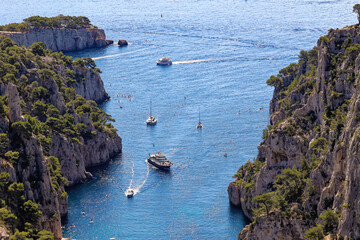 La calanque d'En-Vau est l'une des nombreuses calanques de la côte méditerranéenne entre Marseille et Cassis.
Elle est située à l'extrémité sud-est du 9e arrondissement de Marseille.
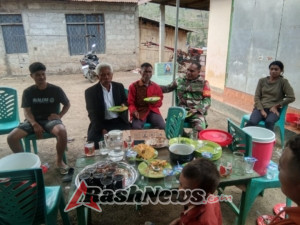 Babinsa Koramil 03/Detusoko Ajak Masyarakat Desa Tanalanggi Jaga Keamanan Lingkungan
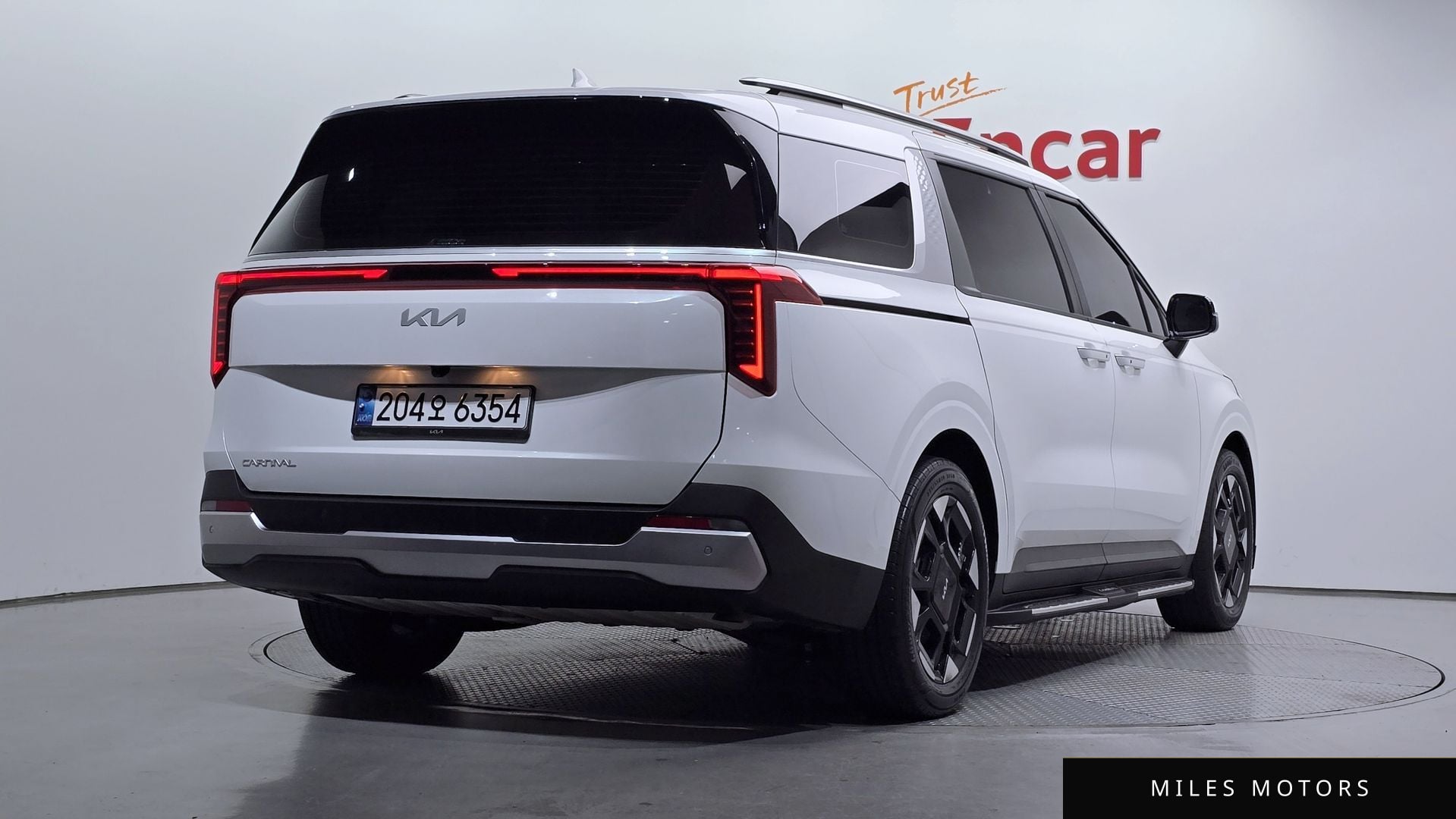 Kia Canival 2024 — миниатюра 2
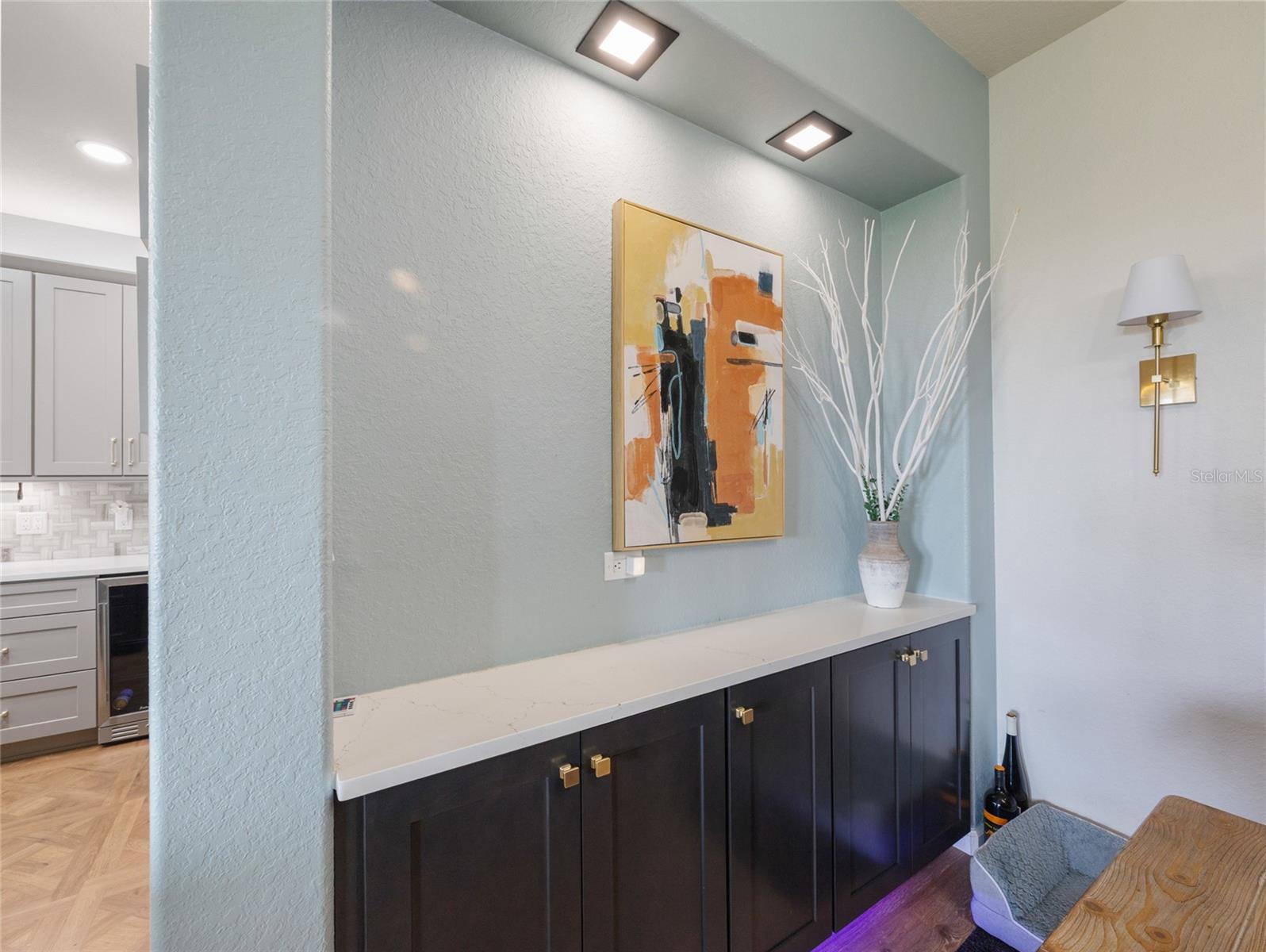 Image 8 of 23 For 7456 101st Court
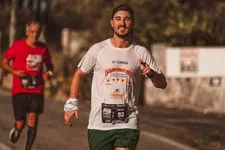 Thumbnail for article: Sneller hardlopen zonder uren te trainen: dit 8-wekenprogramma gaat je helpen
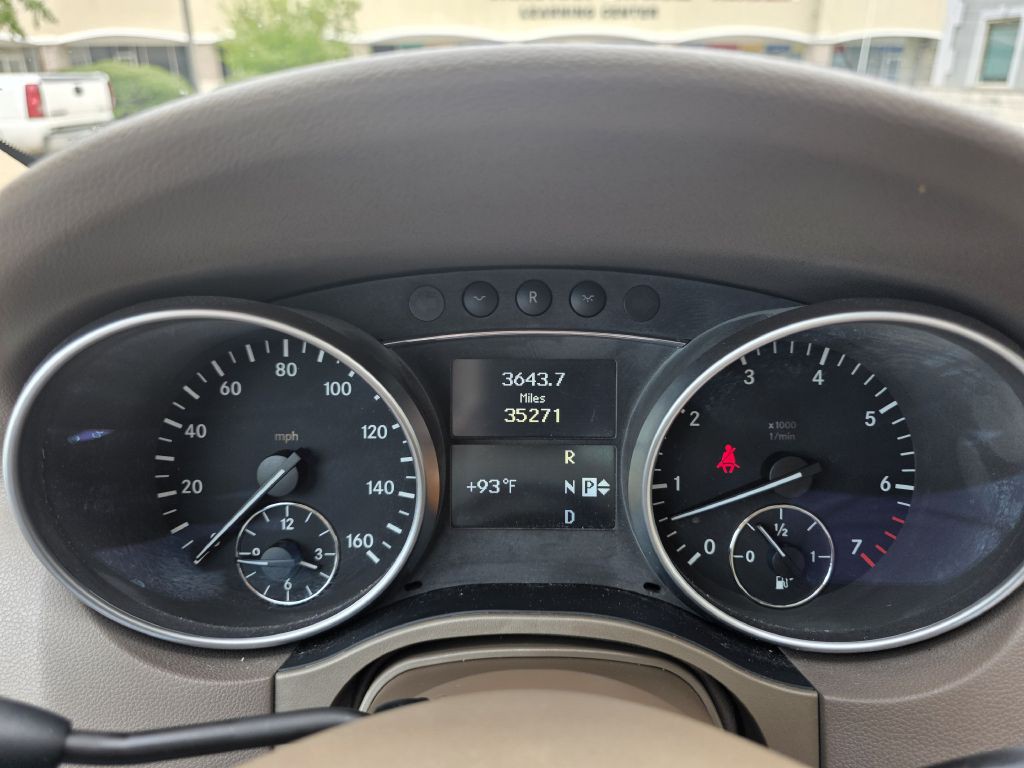 2011 Mercedes-Benz M-Class Image 24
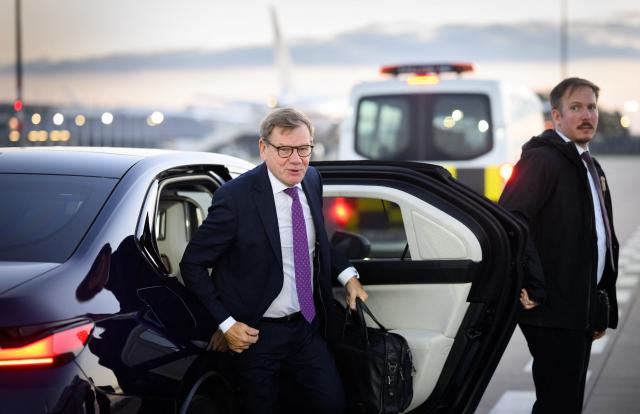 15 September 2026, Brandenburg, Schoenefeld: German Minister of Foreign Affairs Johann Wadephul arrives at the military section of Berlin-Brandenburg Airport. For the first time since the change in government this spring, German Foreign Minister Wadephul spent a day in the Hungarian capital, Budapest. Photo: Bernd von Jutrczenka/dpa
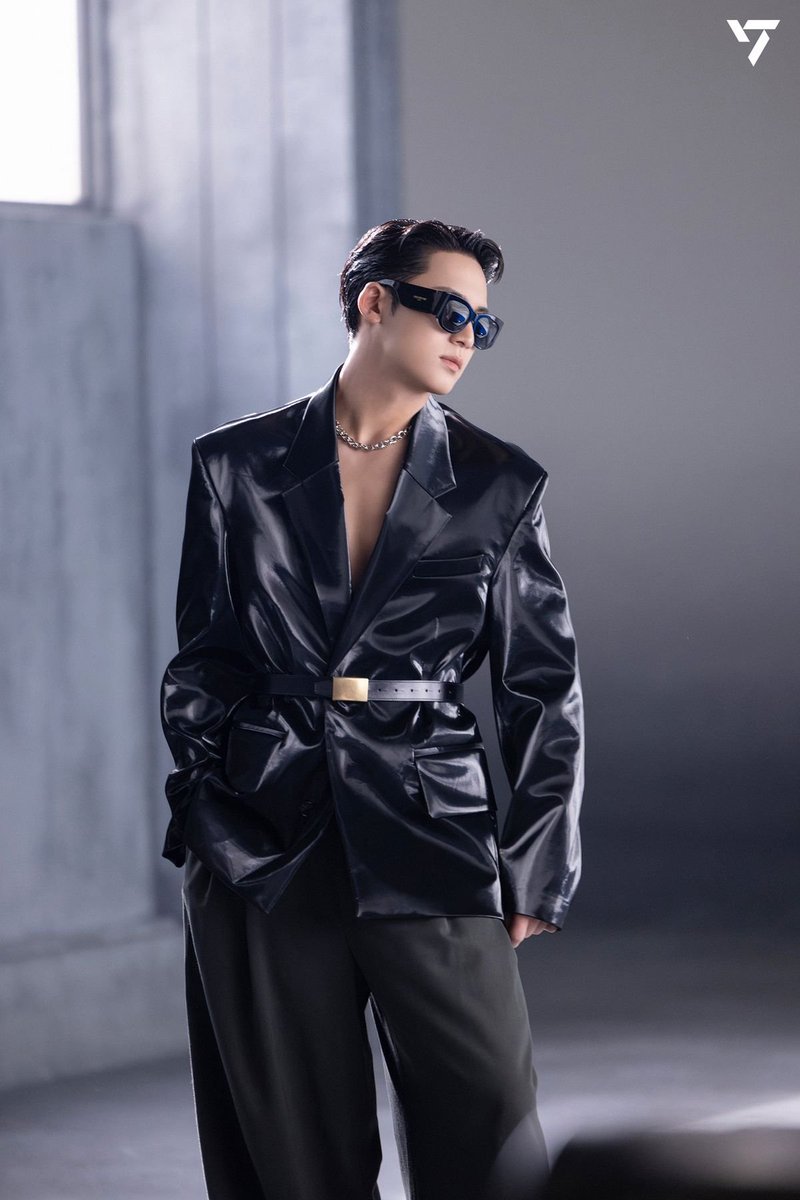 gives me runway model mingyu vibes.. 🫠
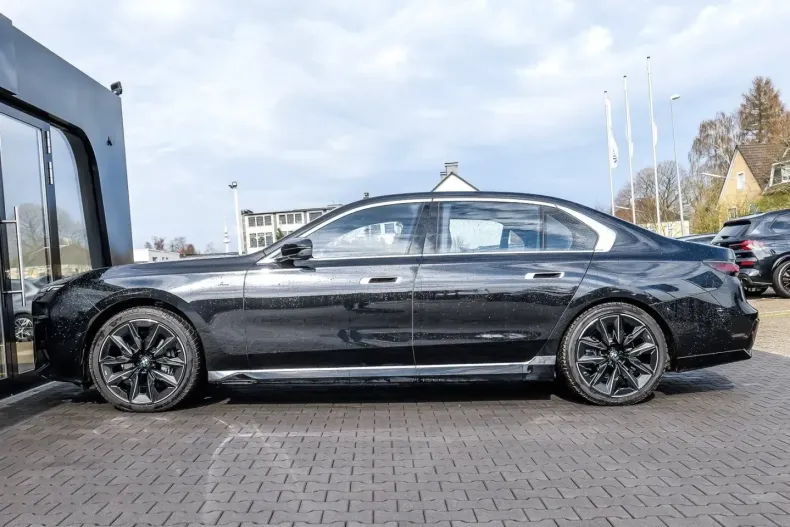 BMW 740 (Seria 7) din 2025 cu 11.900 km - oferta BMW209930 - foto 9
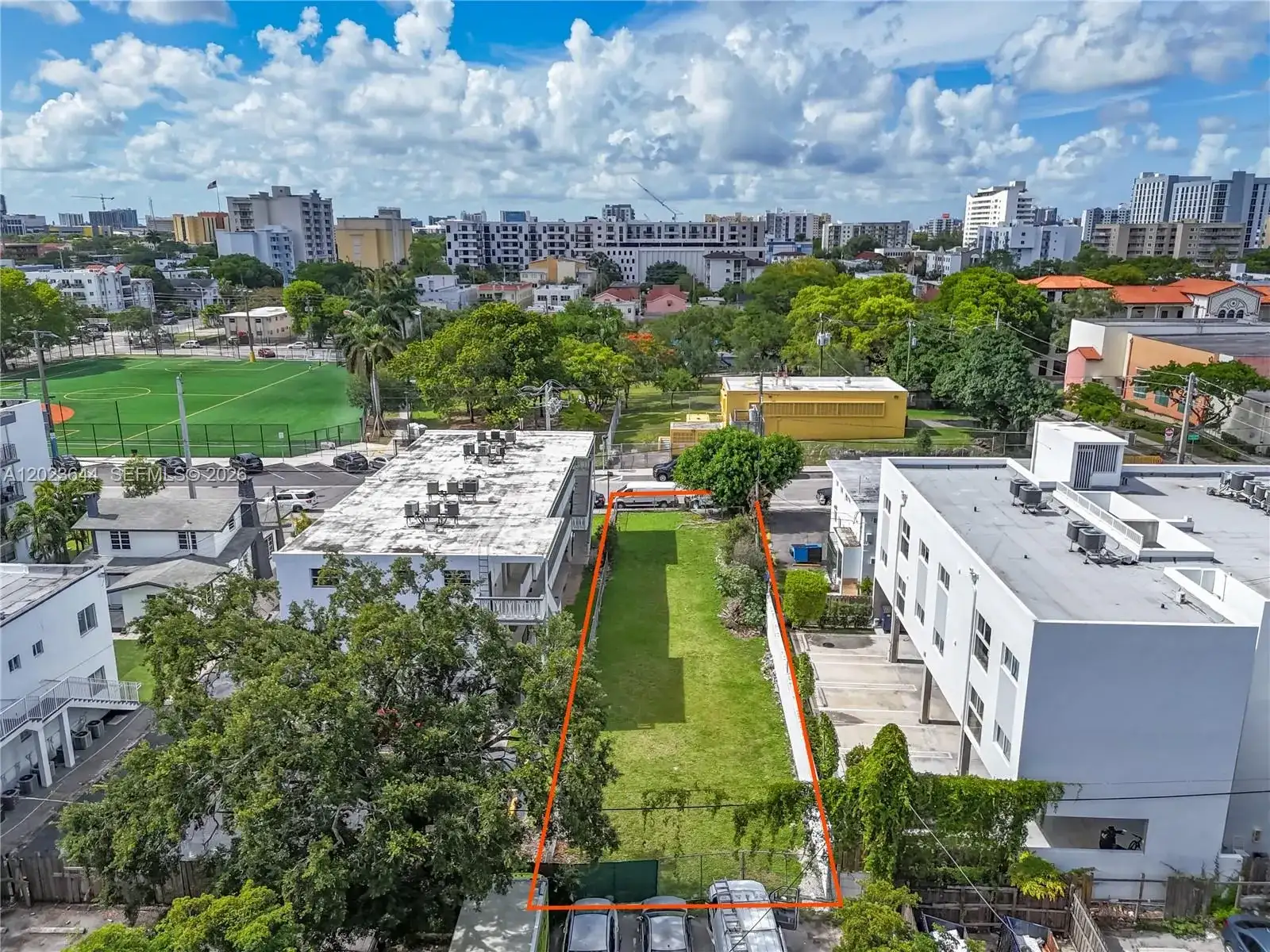 718 SW 4th St, Miami FL 33130 photo 3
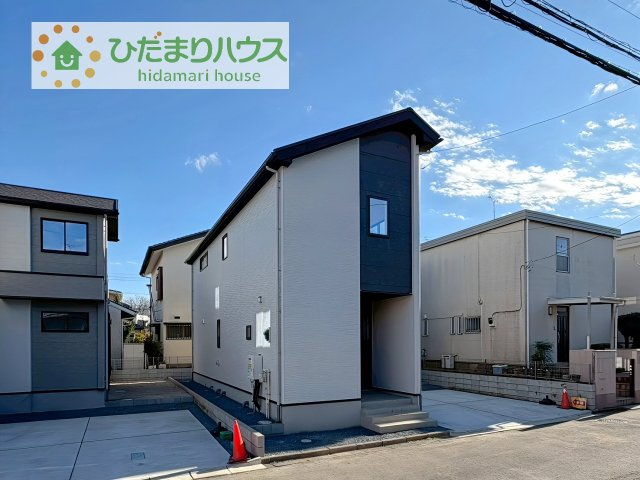 【外観】 | 守谷市松ケ丘5期　新築戸建　2号棟 | たっぷりの陽光と心地よい風が舞い込む住まい♪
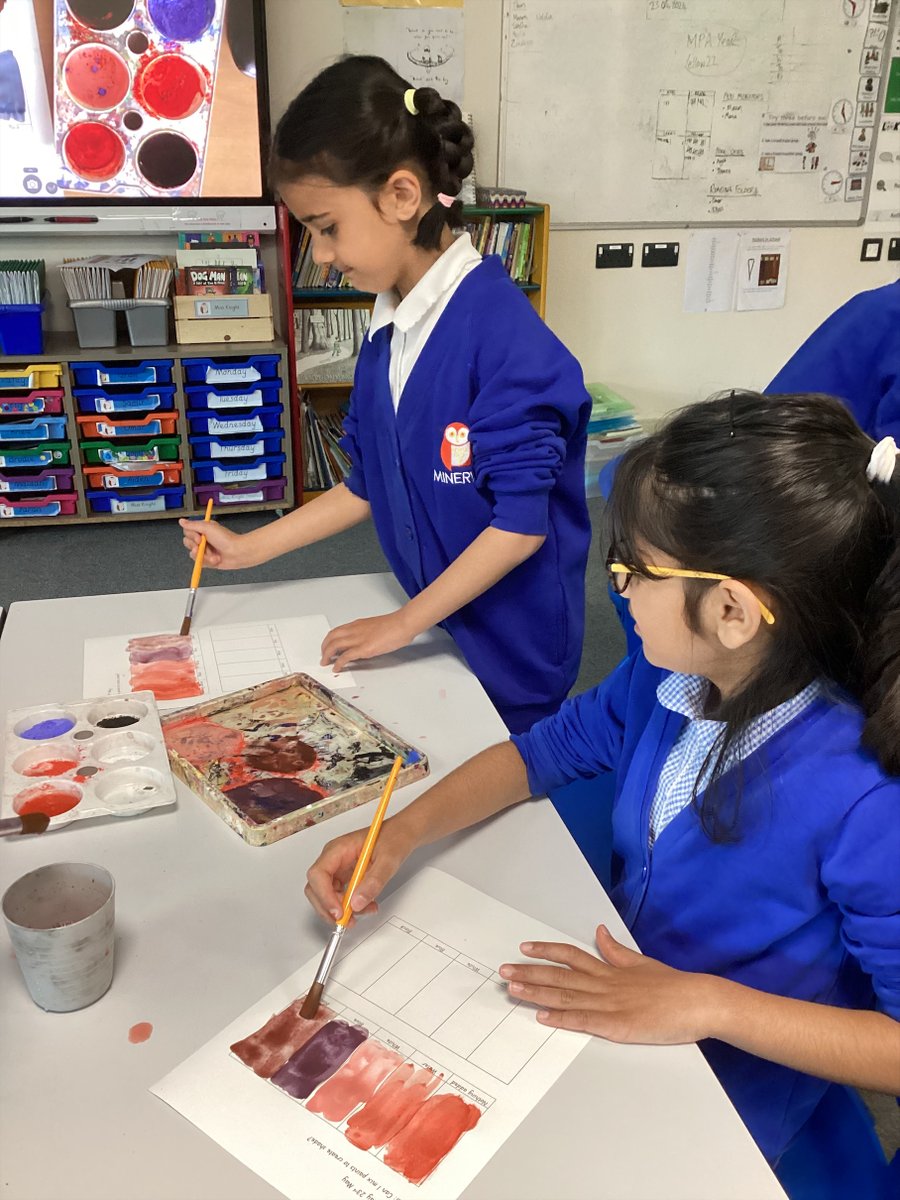 Year 3 exploring shade, tint and tone by mixing colours as artists today! @Cabotfederation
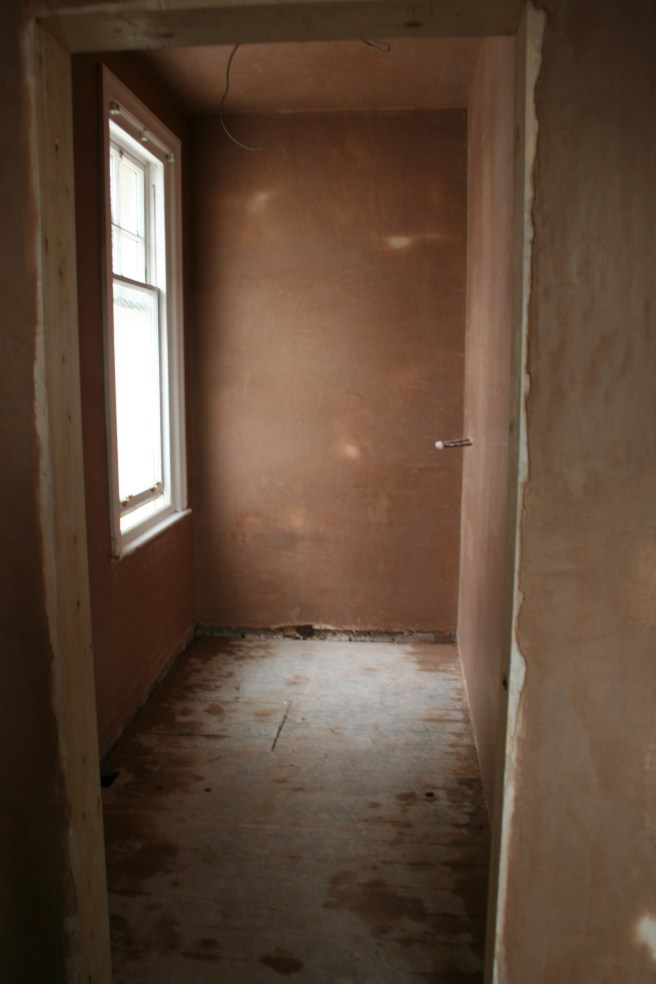 into the ensuite, love how the window works in there.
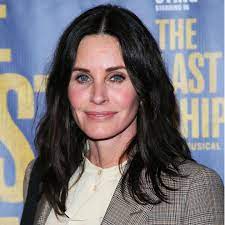 She studied architecture at mount vernon college, but dropped out to pursue a modelling in new york city. Video Courteney Cox Lasst Herzen Der Friends Fans Hoher Schalgen Gala De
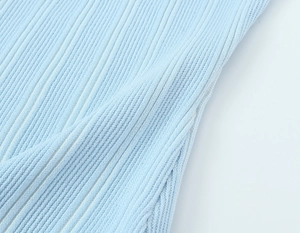 Gros plan sur le tissu en maille côtelée bleu clair montrant la texture et la couture
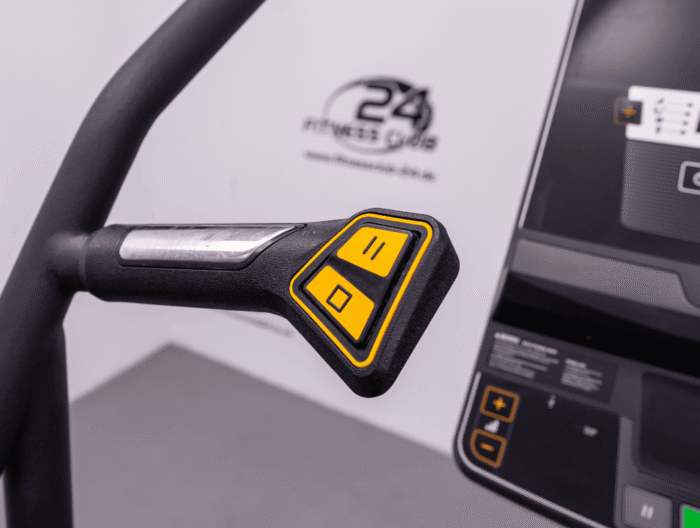 Fitness_Club_24_Matrix_Performance_Led_Console_Climbill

=======

Required work: Using the data above, set down each line from the line with "守谷市松ケ丘5期　新築戸建　2号棟 | たっぷりの陽光と心地よい風が舞い込む住まい♪" to the line with "She studied architecture" exactly, both ends included, and leave the pictures behind. Nothing else belongs.

Solution to the problem:
 【外観】 | 守谷市松ケ丘5期　新築戸建　2号棟 | たっぷりの陽光と心地よい風が舞い込む住まい♪
 Year 3 exploring shade, tint and tone by mixing colours as artists today! @Cabotfederation
 into the ensuite, love how the window works in there.
 She studied architecture at mount vernon college, but dropped out to pursue a modelling in new york city. Video Courteney Cox Lasst Herzen Der Friends Fans Hoher Schalgen Gala De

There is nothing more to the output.